Dirigido por Darren Aronofsky (‘Réquiem para um sonho’), o doloroso drama é protagonizado por Brendan Fraser (que está absolutamente fantástico e irreconhecível como um homem que tem obesidade mórbida) que levou, semana passada, o Screen Actors Guild Awards de Melhor Ator, assumindo o favoritismo ao Oscar. No filme, Fraser interpreta Charlie, um professor de 270 Kg que não consegue sair do sofá e está repleto de problemas emocionais (principalmente a má relação com uma filha adolescente, que abandonou quando pequena, entre outras coisas). No Festival de Veneza, em setembro de 2022, o ator americano de 54 anos recebeu quase 10 minutos de aplausos na sessão de gala do longa. Não é difícil saber o porquê. Quando o filme acaba, estamos arrasados. Com a performance e com a trama.
‘A baleia’ (o nome, além de fazer uma analogia ao sobrepeso do personagem, está intrinsicamente ligado a ‘Moby Dick’, o livro de Herman Melville, cujo personagem vive citando passagens), que também está indicado ao Oscar nas categorias de Melhor Cabelo e Maquiagem e de Atriz Coadjuvante (para Hong Chau), andou essa semana na roda de polêmicas bestas. Tudo porque acusam Fraser de não ser um ator ‘realmente obeso’ fazendo o papel. Céus! Onde fica a atuação? O que seria do ‘Othello’, de Orson Welles, hoje? O ator e diretor não era negro. Mas era um excelente artista.
Fraser se transformou fisicamente para viver o personagem (além de muito boas próteses e maquiagem): um homem com obesidade severa que não consegue sair do sofá. Professor de literatura, ele precisa se confrontar com uma filha adolescente (Sadie Sink, de ‘Strangers things’) e sua ex-mulher (Samantha Morton, de ‘Minority Report’). O roteiro é escrito por Samuel D. Hunter, baseado em sua peça homônima. Por isso o filme se passa basicamente num único cenário, o sombrio apartamento do professor.
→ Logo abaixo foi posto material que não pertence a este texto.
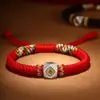 Pulsera de Cuerda Colorida Tejida a Mano con Hilo Rojo con el Buda del Año y las Doce Deidades Guardianas del Zodíaco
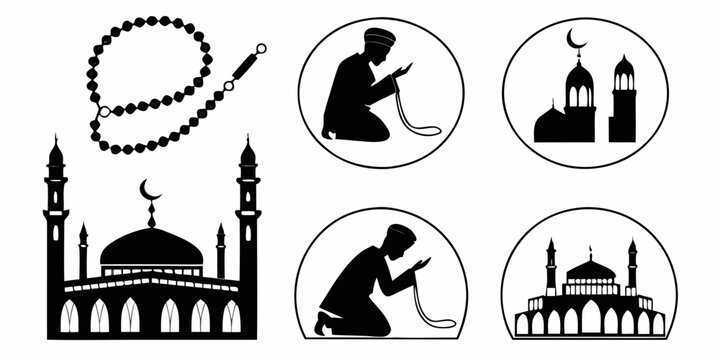 Depictions of islamic prayer times and practices with mosque iconography Vector
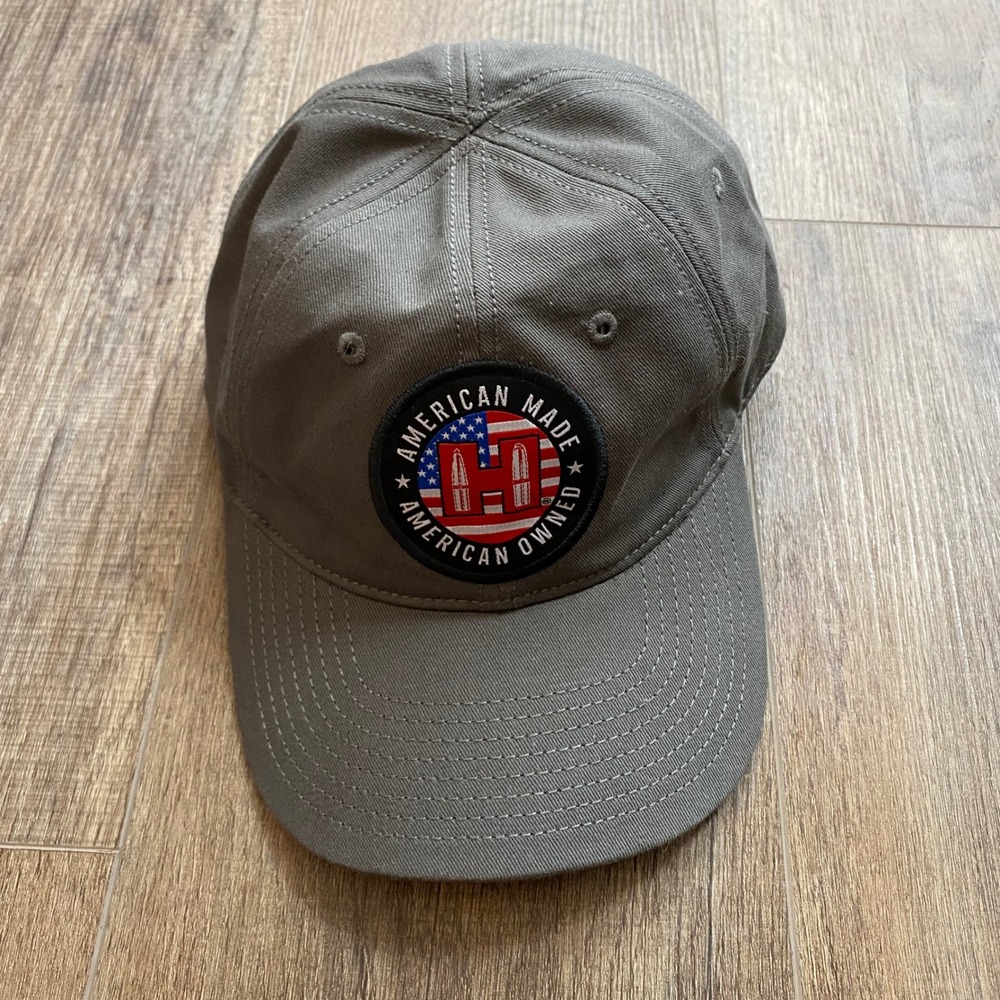 Hornady American Made American Owned Gray Baseball Cap Adjustable Hat Patch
E os personagens vão e vêm, alternados, exatamente como numa peça de teatro. Há apenas um pequeno momento fora da casa, numa varanda.
Aronofsky se interessou em adaptar a peça desde que a viu, mais de dez anos atrás. Ela tem elementos comuns a várias obras de sua filmografia. Como o contraponto com a religião (vistos em ‘Pi’, ‘Mãe!’ e ‘Noé’, por exemplo). Fraser, por sua vez, conta que teve uma entrega total ao personagem, como nunca fizera antes, para mostrar toda a força e vulnerabilidade de Charlie. “Ele tem uma melancolia que o paralisa, que vem do fato de nunca poder ter sido a pessoa que queria ser. Ele carrega muito sentimento de culpa”, explica o ator.
Aronofsky confessa que sempre esteve próximo de Fraser durante todo o processo, a fim de protegê-lo, pois sabia que, ao entrar no personagem, o ator também ficaria muito fragilizado emocionalmente. “Preconceito contra obesidade é uma das últimas fronteiras das maneiras de uma pessoa menosprezar a outra. Muitas vezes, as pessoas do tamanho de Charlie são invisíveis, vistas apenas por suas famílias e cuidadores. É uma forma de silenciamento’’, disse Fraser numa recente entrevista de divulgação do filme.
Esteja avisado de que, ao entrar na sala para assistir ‘A Baleia’, você não sairá da mesma forma. O tour de force de Fraser, bem como tudo o que cerca a produção, é de dilacerar o coração. Não será nenhuma surpresa se o ator, conhecido por trabalhos mais amenos, como a aventura ‘A Múmia’ e a comédia ‘George das selvas’ (onde exibia uma forma física espetacular), ganhar a estatueta dourada.